On those grounds, the Court (Grand Chamber) hereby rules:
1.Article 4(2) of Directive 2009/24/EC of the European Parliament and of the Council of 23 April 2009 on the legal protection of computer programs must be interpreted as meaning that the right of distribution of a copy of a computer program is exhausted if the copyright holder who has authorised, even free of charge, the downloading of that copy from the internet onto a data carrier has also conferred, in return for payment of a fee intended to enable him to obtain a remuneration corresponding to the economic value of the copy of the work of which he is the proprietor, a right to use that copy for an unlimited period.

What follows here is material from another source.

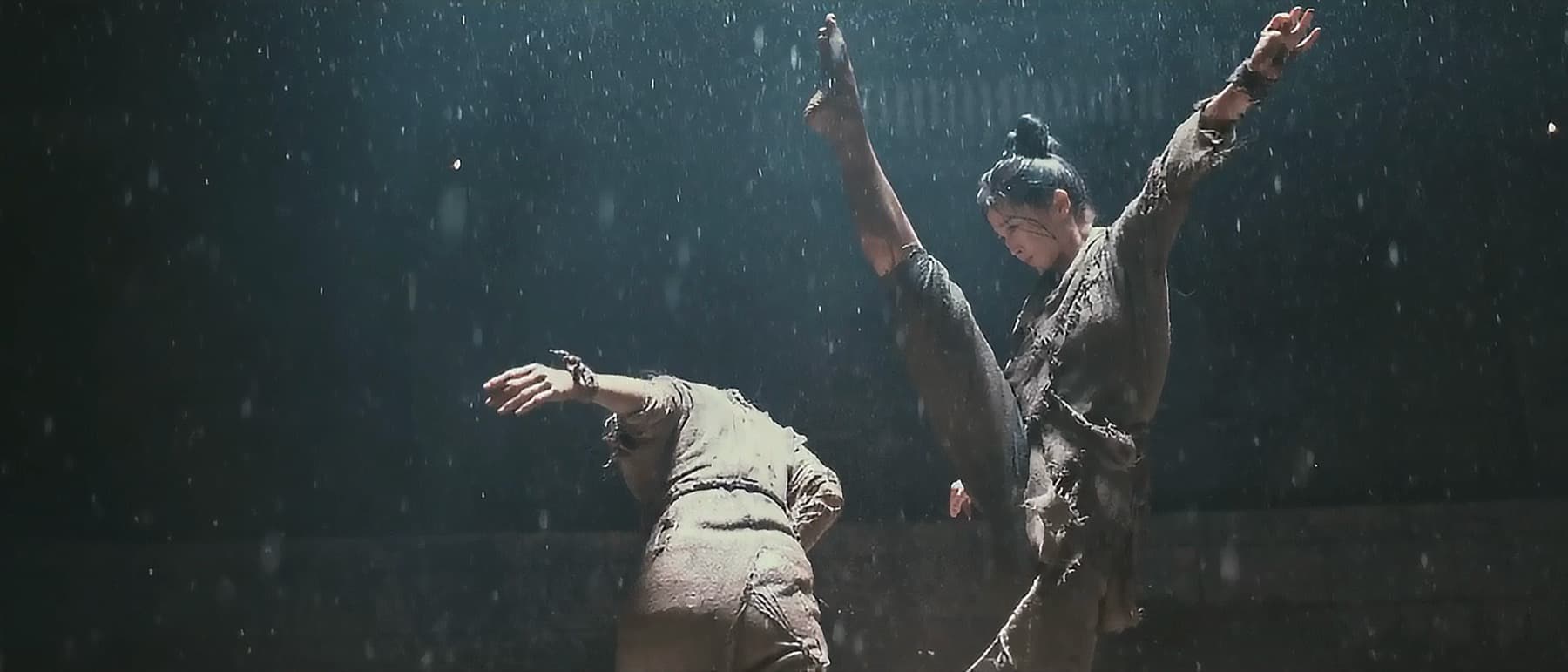 雨の中で跳び蹴りする2人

2.Articles 4(2) and 5(1) of Directive 2009/24 must be interpreted as meaning that, in the event of the resale of a user licence entailing the resale of a copy of a computer program downloaded from the copyright holder’s website, that licence having originally been granted by that rightholder to the first acquirer for an unlimited period in return for payment of a fee intended to enable the rightholder to obtain a remuneration corresponding to the economic value of that copy of his work, the second acquirer of the licence, as well as any subsequent acquirer of it, will be able to rely on the exhaustion of the distribution right under Article 4(2) of that directive, and hence be regarded as lawful acquirers of a copy of a computer program within the meaning of Article 5(1) of that directive and benefit from the right of reproduction provided for in that provision.